DESCRIPTION OF THE TASK - Repeat nothing but the line containing "Amortiguador 170 128 Sachs" and the lines that follow it, up to and including the last line of the data below.

DATA BLOCK -
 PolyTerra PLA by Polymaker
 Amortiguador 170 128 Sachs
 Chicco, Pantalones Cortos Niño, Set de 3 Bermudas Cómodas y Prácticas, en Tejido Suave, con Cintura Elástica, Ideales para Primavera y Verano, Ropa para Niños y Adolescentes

PROBLEM SOLUTION -
 Amortiguador 170 128 Sachs
 Chicco, Pantalones Cortos Niño, Set de 3 Bermudas Cómodas y Prácticas, en Tejido Suave, con Cintura Elástica, Ideales para Primavera y Verano, Ropa para Niños y Adolescentes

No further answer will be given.